It was an interesting experience for a few reasons. For one thing: we were playing imaginary characters living in our real (shared) house. That was odd, because a lot of the story took place inside the house, and the geography of the house played a part in a lot of scenes.
It was interesting secondarily because the characters were modeled on the previous occupants of the house we’re staying in, a group of frathouse morons who apparently had huge, drunken parties weekly, had people falling off balconies and breaking their hips (or the neighbours’ windows), and who left everything in the house at least slightly trashed. Honestly, I couldn’t really imagine how they lived in here with rooms where none of the lights were working, showers that barely sprayed water, and so on.
The plot of the game was simple: it was a variation of The Hangover–indeed, a variation of the “You Wake Up…” Dread scenario I ran across on the RPGgeek forum, set specifically in our house. In my variation, the monsters were primarily cockroach-based–giant roaches, human-roach hybrids, and so on.
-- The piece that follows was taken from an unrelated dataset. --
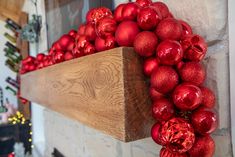 a wooden shelf filled with red ornaments on top of a fireplace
The cast of characters created by the players was, well, bizarre. The first to wake was Fred, an anxious transsexual (female to male) who really, really wanted to prove how manly he was, and was beset by a fair bit of anxiety about how best to present his masculinity to the world–playing a hero? Reassuring the ladies? He found himself on the roof, naked, in the middle of a bloody circle-with-a-pentagram-inside… but the circle was incomplete, with a bunch of beer cans intersecting it at one point; they were all burned as if they’d been set on fire. Fred later discovered his hair was all shaved off, and sigils of some kind had been inked onto his skull. Also, there was a monkey holding a pistol on his chest.
Next came Jonathan, I think it was, an odd young man whose behaviour later on suggests he was some kind of nutball, and finally that he was a sociopath, though not the most clever one: he was very deep into conspiracy theories, and talked at length about how Elvis was still alive and living in an incestous relationship with his post-op transsexual twin brother (Elvis’ twin brother, not Jonathan’s, to be clear.) Jonathan woke up in a bathtub, wearing a huge black diaper and turban set made from the living room curtain. The bathroom was not his own–it belonged to Kale, Californian who’d lived longer in the house than anyway. Jonathan’s hair had been shaved down to a Mohawk at some point during the night before, and the floor all around the bathtub was covered in a layer of vomit… like, the vomit of a bunch of people, not just one. Exiting from the bathroom, he found the walls of the room–someone else’s bedroom–covered in evil scrawling writing.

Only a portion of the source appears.